Tuesday, July 14, 2009

Protecting the vulnerable with force

In previous posts, I discussed the mixing of road users with different levels of vulnerability, and varying abilities to harm each other. In the absence of any higher authority, this can turn drivers, cyclists, equestrians and even stronger pedestrians into bullies who abuse the power that speed, weight and protection give them. I also discussed barriers that can be put between road users, and how their value is limited.

Another strategy that can be used to protect the vulnerable is to take a group of strong people and make it their responsibility. Usually this is done with the police and the judiciary, who are given the authority to arrest, fine and jail people who abuse their power. In theory, this is a good idea: make laws, pay people to enforce them, and give them the tools to do the job.

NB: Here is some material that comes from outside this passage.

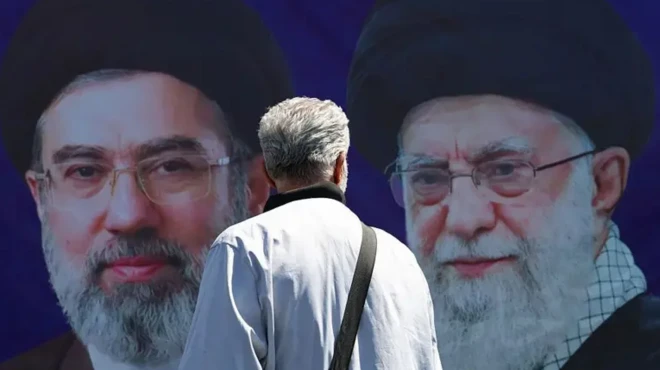 مجتبی و علی خامنه ای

In practice, it somehow fails to work out. I've written several posts about traffic enforcement chiefs who believe their number one priority is to move traffic, public safety officers who believe that anyone outside a car is asking for it, and prosecutors who refuse to charge blatantly negligent homicidal drivers.

Streetsblog has more, including police officers who are bullies themselves, and not disciplined by any superior officers. Today a report from Transportation Alternatives documenting a systemic failure of the NYPD and the District Attorneys to protect, well, anyone from reckless driving.

Part of this can be ascribed to the difficulty of democratically controlling any armed force; while the Mayor nominally controls the NYPD, ever since the 1992 police riot, mayors have been cautious about doing anything that might upset too many officers. The NYPD also has a policy of favoring car patrols over foot patrols, presumably for efficiency, meaning that a much larger portion of the force travels throughout the city in cars than the general population. Combine that with the large number of officers who are recruited from the suburbs and encouraged to park their personal vehicles for free on sidewalks and in bicycle lanes at home and around the precincts, and we can begin to understand why many individual officers identify and empathize with other drivers, and feel no sympathy for or responsibility to protect pedestrians and cyclists.

There is obviously much that can be done to improve enforcement of laws against reckless driving and other abusive behaviors. The T.A. report contains recommendations, and Streetsblog has been doing an admirable job of putting traffic justice on the radar of the candidates to replace Manhattan District Attorney Morgenthau (although apparently not covering Brooklyn D.A. Hynes' reanointment campaign at all).

While we should continue to press our law enforcement agents and judiciary to exercise their responsibilities, the examples I cite above show the limits of this strategy. Barriers are not enough, and the police are not enough.

4 comments:

Jonathan said...

Police are just people, products of their training and environment. Every police officer I've ever talked to has hated writing tickets. It makes sense; who likes to be a disciplinarian, all the time? The results, of course, are lax enforcement, or selective enforcement.

So if you want to stop people making illegal u-turns (for instance), you need to put in medians, not rely on police officers to do the job.

nathan_h said...

Medians don't stop literally every other car from making an illegal u-turn at Tillary and Jay Street on my route home. Although I share the sentiment that physical safety infrastructure is much more reliable and preferable to police enforcement, there are many things it can not do. Ultimately we have to get back to road pricing to both contain the volume of dangerous vehicular traffic and fund the expensive, "hated" human enforcement that it absolutely requires.

Jonathan said...

Nathan, U-turns are legal at intersections in New York State. Is there a no U-turn sign at Tillary and Jay?

nathan_h said...

According to the driver's manual "U-turns are also illegal in business districts of New York City":
http://www.nydmv.state.ny.us/dmanual/chapter05-manual.htm#mku-trn

I'm not sure if downtown Brooklyn is officially a business district; it certainly should be. Intersections aren't mentioned one way or the other.